ACTIVITY
Going through the entries below, find how many lines hold "Maison", then give that number alone.
--
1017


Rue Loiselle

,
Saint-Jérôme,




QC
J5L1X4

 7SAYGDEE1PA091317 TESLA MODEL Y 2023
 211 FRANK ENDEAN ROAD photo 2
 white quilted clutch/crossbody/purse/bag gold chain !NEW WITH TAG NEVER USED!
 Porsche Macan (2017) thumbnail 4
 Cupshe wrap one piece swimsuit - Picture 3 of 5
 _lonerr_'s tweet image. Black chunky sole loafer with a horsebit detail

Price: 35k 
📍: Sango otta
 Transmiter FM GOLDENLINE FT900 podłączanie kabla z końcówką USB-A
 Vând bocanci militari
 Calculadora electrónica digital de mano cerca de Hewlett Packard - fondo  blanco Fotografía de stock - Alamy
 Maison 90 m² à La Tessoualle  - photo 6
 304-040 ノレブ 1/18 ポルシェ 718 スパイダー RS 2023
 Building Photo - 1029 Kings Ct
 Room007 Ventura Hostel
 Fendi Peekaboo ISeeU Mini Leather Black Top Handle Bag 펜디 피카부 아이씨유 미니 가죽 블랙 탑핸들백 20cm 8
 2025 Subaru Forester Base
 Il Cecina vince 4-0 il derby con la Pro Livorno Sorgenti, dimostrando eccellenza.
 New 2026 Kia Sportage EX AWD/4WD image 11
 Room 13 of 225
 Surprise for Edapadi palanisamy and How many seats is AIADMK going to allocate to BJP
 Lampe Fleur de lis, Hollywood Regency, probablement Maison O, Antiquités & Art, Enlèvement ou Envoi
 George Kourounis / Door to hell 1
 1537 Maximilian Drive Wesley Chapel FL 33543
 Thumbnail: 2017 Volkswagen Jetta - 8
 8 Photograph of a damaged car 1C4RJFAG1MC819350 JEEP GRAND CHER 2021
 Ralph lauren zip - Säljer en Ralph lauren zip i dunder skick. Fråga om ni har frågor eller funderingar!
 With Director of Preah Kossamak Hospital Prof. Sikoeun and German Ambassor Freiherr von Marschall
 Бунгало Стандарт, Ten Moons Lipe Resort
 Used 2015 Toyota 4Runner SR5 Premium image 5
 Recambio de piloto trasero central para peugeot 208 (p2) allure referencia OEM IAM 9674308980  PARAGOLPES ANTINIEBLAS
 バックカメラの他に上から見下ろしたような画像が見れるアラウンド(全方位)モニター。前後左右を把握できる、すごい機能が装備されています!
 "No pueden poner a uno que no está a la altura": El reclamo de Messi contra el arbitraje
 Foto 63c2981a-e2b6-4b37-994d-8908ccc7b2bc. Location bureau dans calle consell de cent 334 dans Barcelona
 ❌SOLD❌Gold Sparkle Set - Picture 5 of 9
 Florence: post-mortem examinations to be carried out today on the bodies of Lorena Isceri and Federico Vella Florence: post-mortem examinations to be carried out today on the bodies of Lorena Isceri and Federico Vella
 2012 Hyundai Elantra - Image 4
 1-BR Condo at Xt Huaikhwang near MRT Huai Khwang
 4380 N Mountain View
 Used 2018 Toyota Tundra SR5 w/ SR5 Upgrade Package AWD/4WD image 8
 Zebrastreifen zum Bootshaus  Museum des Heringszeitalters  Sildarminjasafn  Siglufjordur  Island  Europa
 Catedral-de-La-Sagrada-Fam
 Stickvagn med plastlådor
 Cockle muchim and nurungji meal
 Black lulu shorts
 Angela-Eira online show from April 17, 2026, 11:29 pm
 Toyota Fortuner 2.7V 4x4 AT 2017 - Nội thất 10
--
ANSWER AREA
2